## [Task instructions]
If an entry contains a picture, omit that picture and transcribe everything else exactly.

## [Data provided]
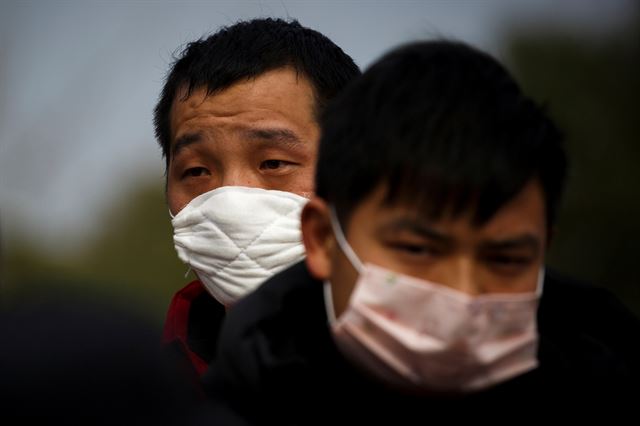 중국 후베이성에서 장시성 지우장으로 넘어가는 검문소 앞에서 두 남성이 마스크를 쓴 채 순서를 기다리고 있다. 지우장=로이터 연합뉴스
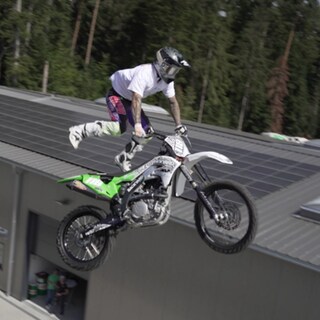 Freestyle-Motocrosser André Mikitta fliegt in waghalsiger Pose mit seinem Motorrad durch die Luft, vor blauem Himmel und unter Applaus des Publikums.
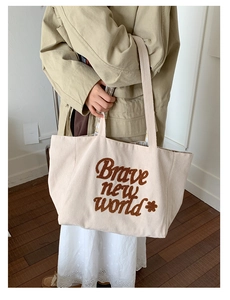 Detail of corduroy tote bag showing Brave new world embroidery and striped texture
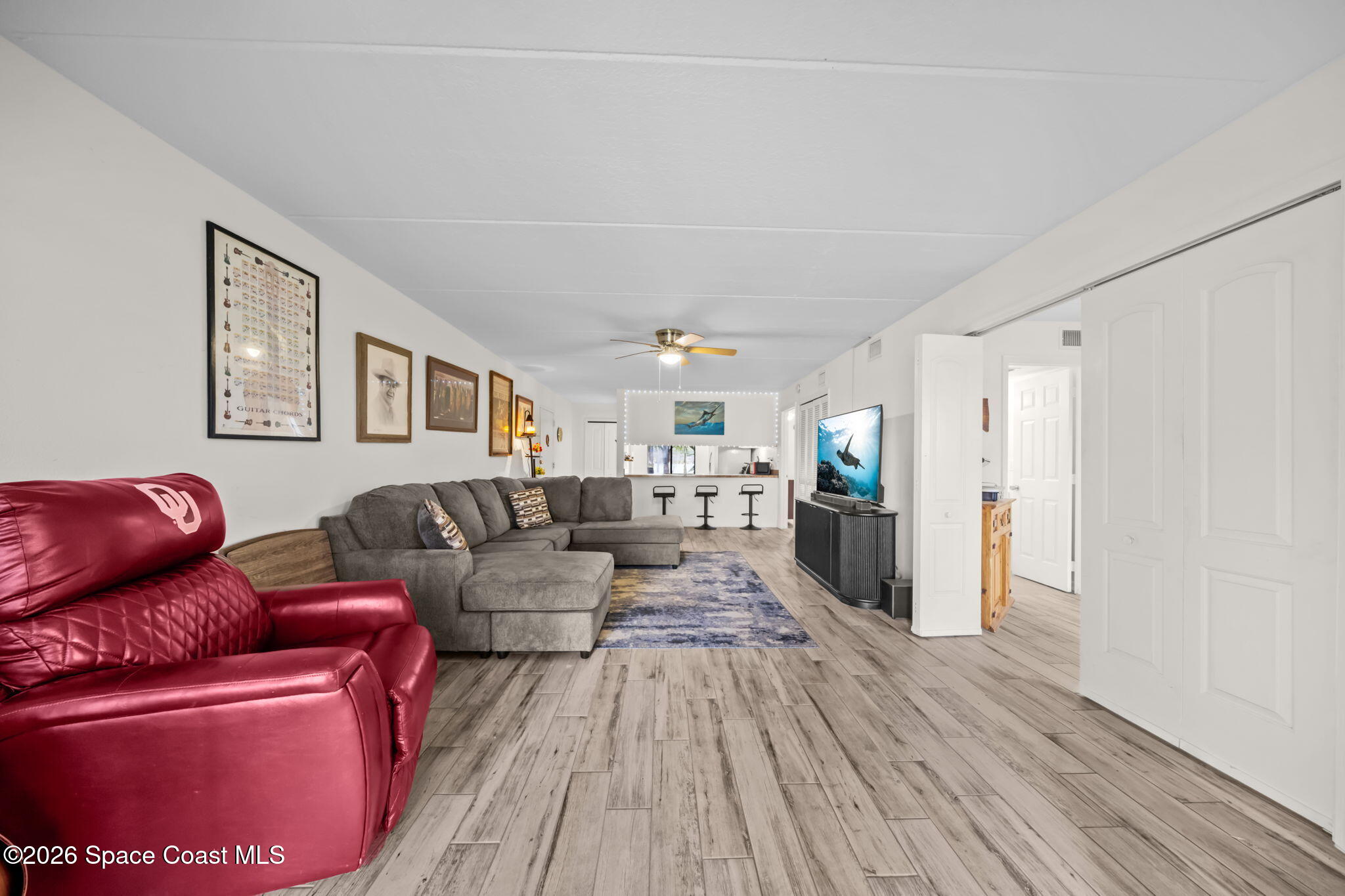 2727 North Wickham Road, Unit 1035 Melbourne, FL 32935 - Photo 8 of 29 Living Room 3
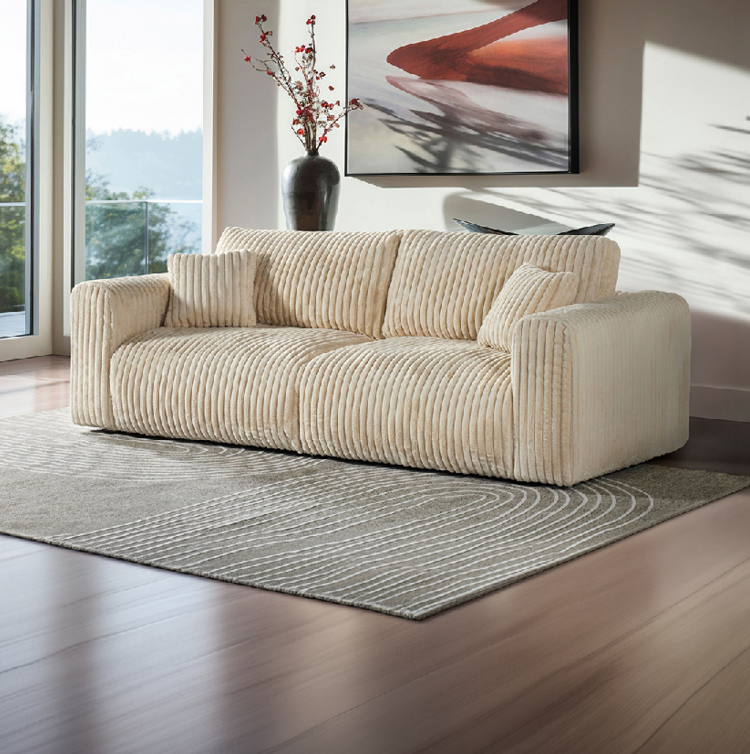 Canap beige en tissu c tel  avec deux coussins assortis dans un salon lumineux d cor  d'un vase noir avec des fleurs rouges et d'un tableau abstrait.  Description g n r e par IA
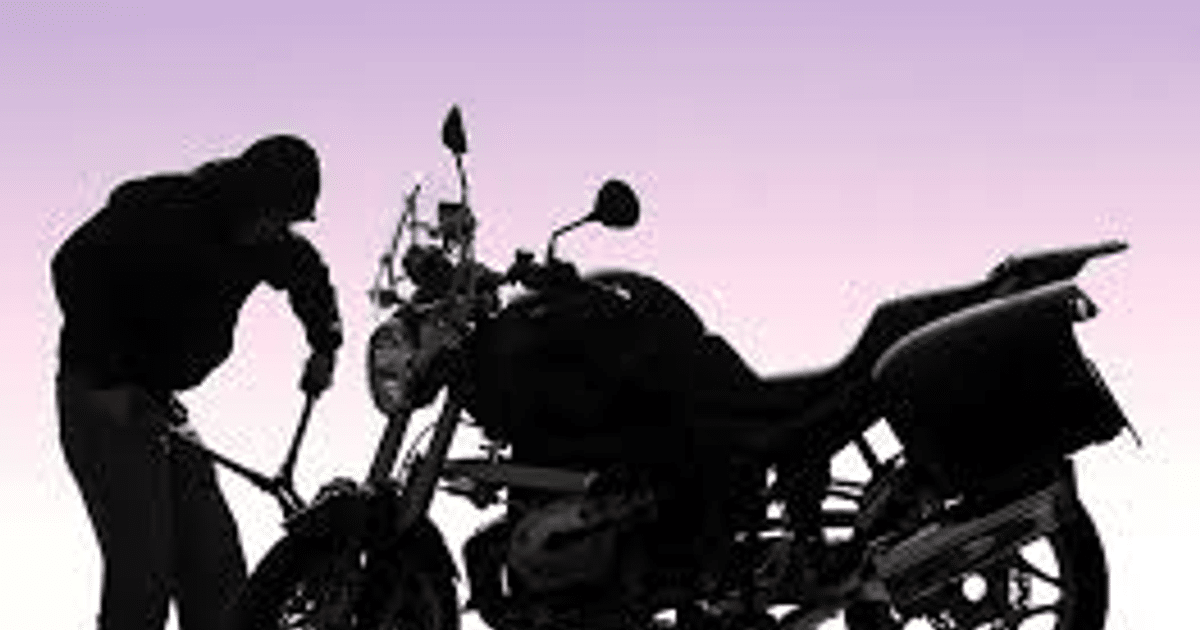 Silueta de una persona trabajando en una motocicleta con fondo de atardecer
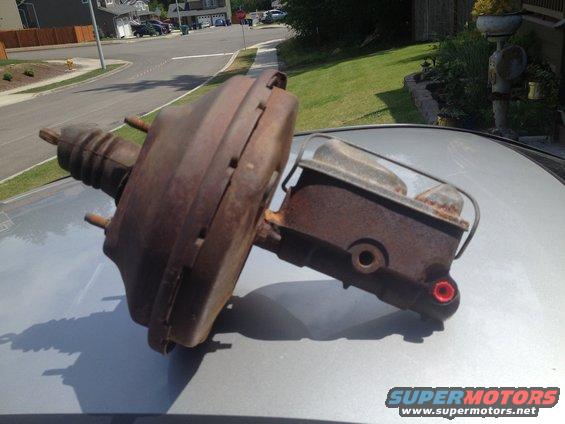 Rusty brake booster and master cylinder assembly on a car's hood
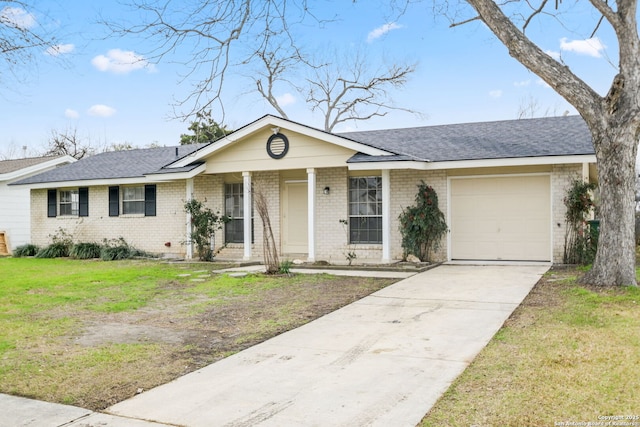 single story home featuring brick siding, concrete driveway, covered porch, an attached garage, and a front yard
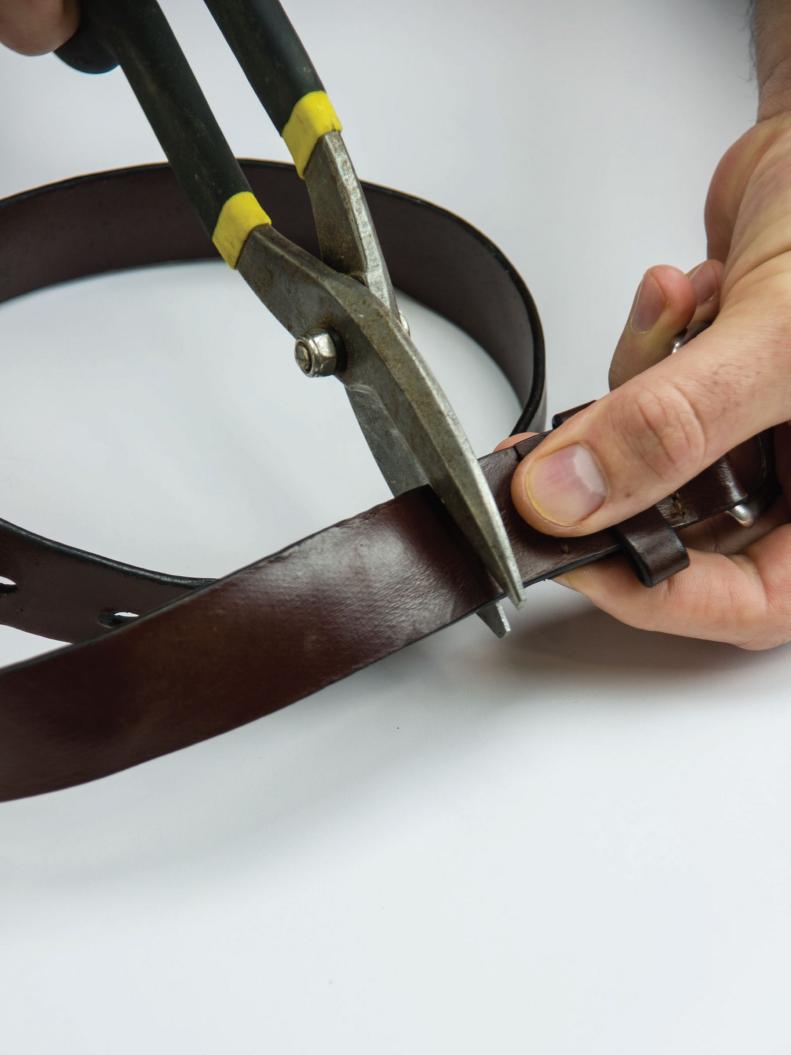 Begin by cutting the buckles and holes from the belts with tin shears. Cut one of the belts 19&quot; long for the handle. Set aside.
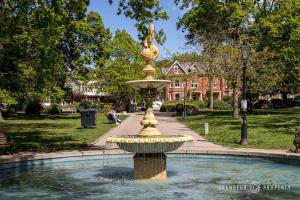 a fountain with a statue in the middle of a park at Glamorous 2-bedroom, Central location, Scenic Views - Central Park Suite in Parkstone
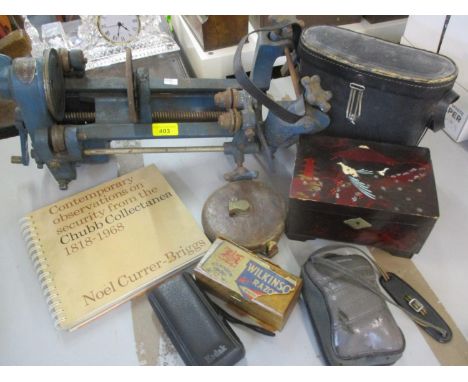 A vintage Homcan table top home canning machine in blue, and other vintage household items to include cameras Location: A1 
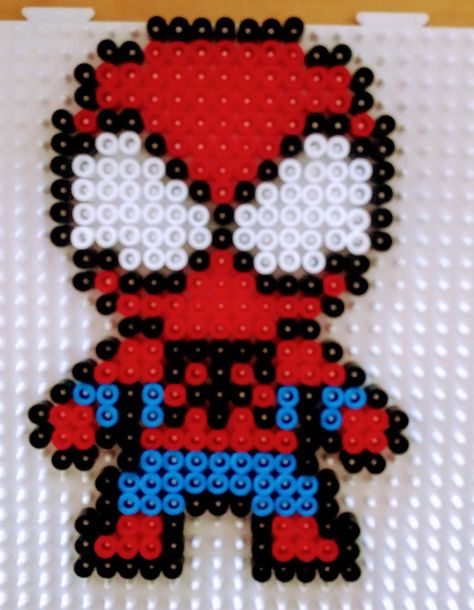 Spiderman beads #perleshama Peeler Bead Spiderman, Spiderman Beads Pattern, Perler Beads Ideas Spiderman, Pyssla Ideas Spiderman, Spiderman Melty Beads, Spiderman Bead Pattern, Iron Beads Spiderman, Spiderman Perler Beads Small, Spiderman Pearl Beads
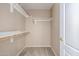 Walk-in closet featuring carpet floors, white shelving, and a neutral wall color at 7319 S 56Th Dr, Laveen, AZ 85339
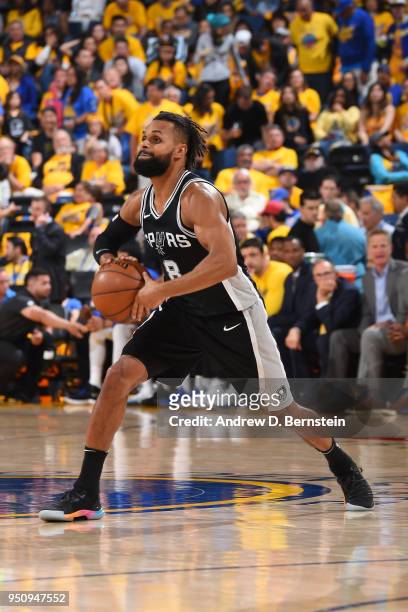 Patty Mills of the San Antonio Spurs passes the ball against the Golden State Warriors in Game Five of Round One of the 2018 NBA Playoffs on April...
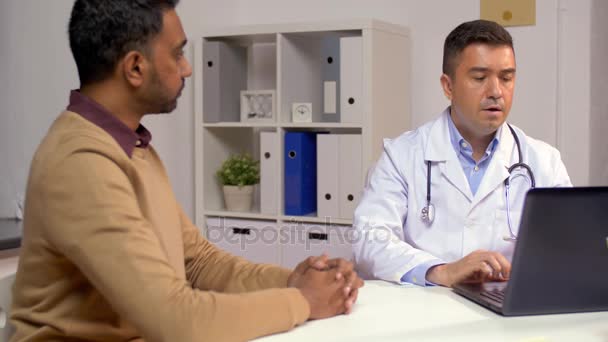 Doctor with laptop and male patient at hospital — Stock Video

## [Answer space]
 중국 후베이성에서 장시성 지우장으로 넘어가는 검문소 앞에서 두 남성이 마스크를 쓴 채 순서를 기다리고 있다. 지우장=로이터 연합뉴스
 Freestyle-Motocrosser André Mikitta fliegt in waghalsiger Pose mit seinem Motorrad durch die Luft, vor blauem Himmel und unter Applaus des Publikums.
 Detail of corduroy tote bag showing Brave new world embroidery and striped texture
 2727 North Wickham Road, Unit 1035 Melbourne, FL 32935 - Photo 8 of 29 Living Room 3
 Canap beige en tissu c tel  avec deux coussins assortis dans un salon lumineux d cor  d'un vase noir avec des fleurs rouges et d'un tableau abstrait.  Description g n r e par IA
 Silueta de una persona trabajando en una motocicleta con fondo de atardecer
 Rusty brake booster and master cylinder assembly on a car's hood
 single story home featuring brick siding, concrete driveway, covered porch, an attached garage, and a front yard
 Begin by cutting the buckles and holes from the belts with tin shears. Cut one of the belts 19&quot; long for the handle. Set aside.
 a fountain with a statue in the middle of a park at Glamorous 2-bedroom, Central location, Scenic Views - Central Park Suite in Parkstone
 A vintage Homcan table top home canning machine in blue, and other vintage household items to include cameras Location: A1 
 Spiderman beads #perleshama Peeler Bead Spiderman, Spiderman Beads Pattern, Perler Beads Ideas Spiderman, Pyssla Ideas Spiderman, Spiderman Melty Beads, Spiderman Bead Pattern, Iron Beads Spiderman, Spiderman Perler Beads Small, Spiderman Pearl Beads
 Walk-in closet featuring carpet floors, white shelving, and a neutral wall color at 7319 S 56Th Dr, Laveen, AZ 85339
 Patty Mills of the San Antonio Spurs passes the ball against the Golden State Warriors in Game Five of Round One of the 2018 NBA Playoffs on April...
 Doctor with laptop and male patient at hospital — Stock Video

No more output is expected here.